In high school one of my former friends told us that she was watching Montel or Maury and that they said “If you don’t have a slutty friend, then YOU are the slutty friend”.  She obviously didn’t get it because she went on to talk about how none of her friends were slutty.  Um, honey, the saying was spot on.  Hence – former friend.

I thought of this little anecdote while watching Desperate Housewives on Sunday.  Bree went on about the role she plays in their group.  She always organizes their get togethers and she always brings dessert.  I’ve been in a funk for a while in regards to my role in my own group of friends.  This all came to a head last night.  

One of my close friends has a birthday today.  For the past several years I’ve been the one to remember birthdays and make phone calls to set up dinner or drinks.  Every time.  My only exception is my own birthday.  Which is why we celebrated in late April when my birthday is in early February. 

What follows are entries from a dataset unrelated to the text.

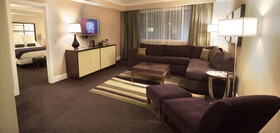 Caesars Palace by Suiteness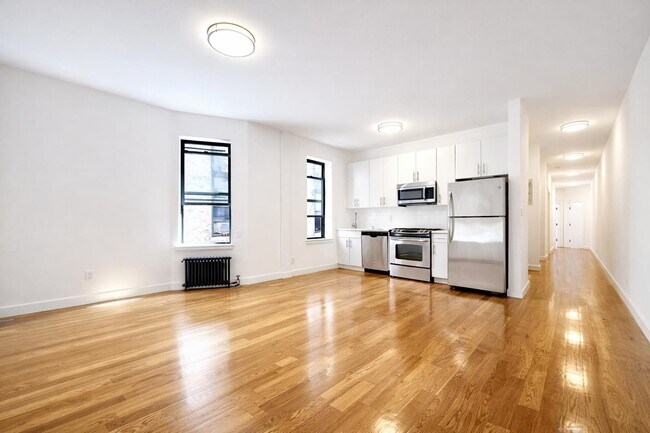 Building Photo - 607 W 137th St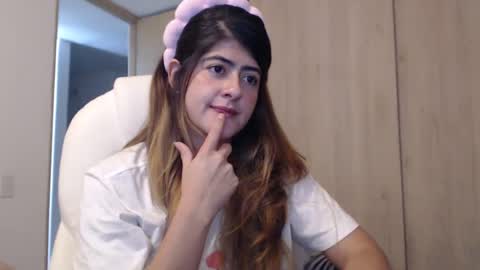 Snapshot of skyler1195 chatting on 03-07-25, 11:38 Skyler online show from 03-07-25, 11:38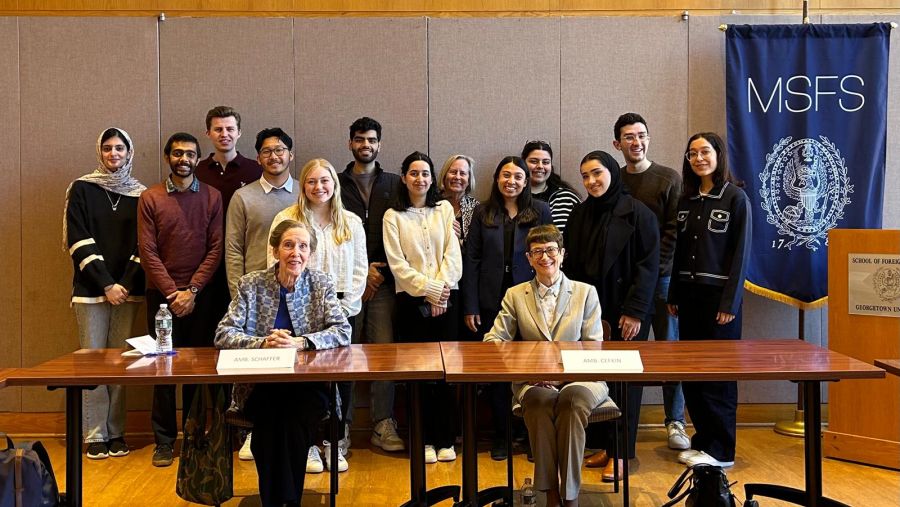 طلاب جامعة جورجتاون في قطر يشهدون مباشرة التحولات العالمية من خلال دراسة مكثفة في واشنطن العاصمة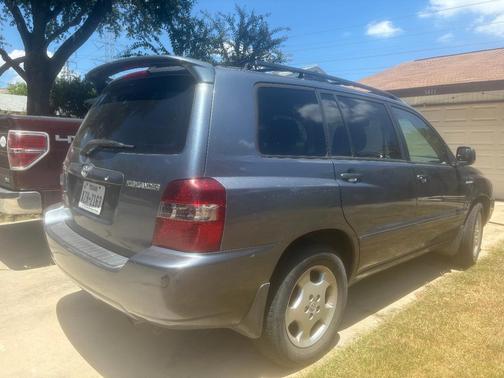 Silver 2004 Toyota Highlander Base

This time I decided I was going to wait it out.  I wanted to see if anyone else would step up and make arrangements.  By 10 last night I hadn’t heard a peep.  Because I don’t want the birthday girl to feel forgotten I made the calls as soon as I got to work this morning, but I’m angry about it.  

It isn’t just with birthdays.  I feel like I’m always the one to initiate any interaction.  It’s beginning to feel like we get together out of a sense of duty rather than a true desire to spend time with each other.  It’s awkward.  Our conversations always tend to revolve around rehashing our past instead of moving forward.

This doesn’t negate anything I said here.  I’m just frustrated and lonely.  I don’t want to leave these friendships behind, but I feel like I need to find that friend.  The one that just gets it.  Someone who shares common interests and not just a past.  TTO is great, but he’s not interested in girl stuff, nor do I want him to be. 

Unfortunately it feels as though my options right now are a little slim.  I work in an office with 6 other people, all of whom are much older than me.  We’re in the process of finding a new church and I’m not sure what our involvements will be once we find one.  We live in a very quiet neighborhood and with winter approaching the chances of catching anyone outside will be pretty much non-existent.

Tell me – how and where do you find new friends as an adult?  Why isn’t there a match.com for friendships?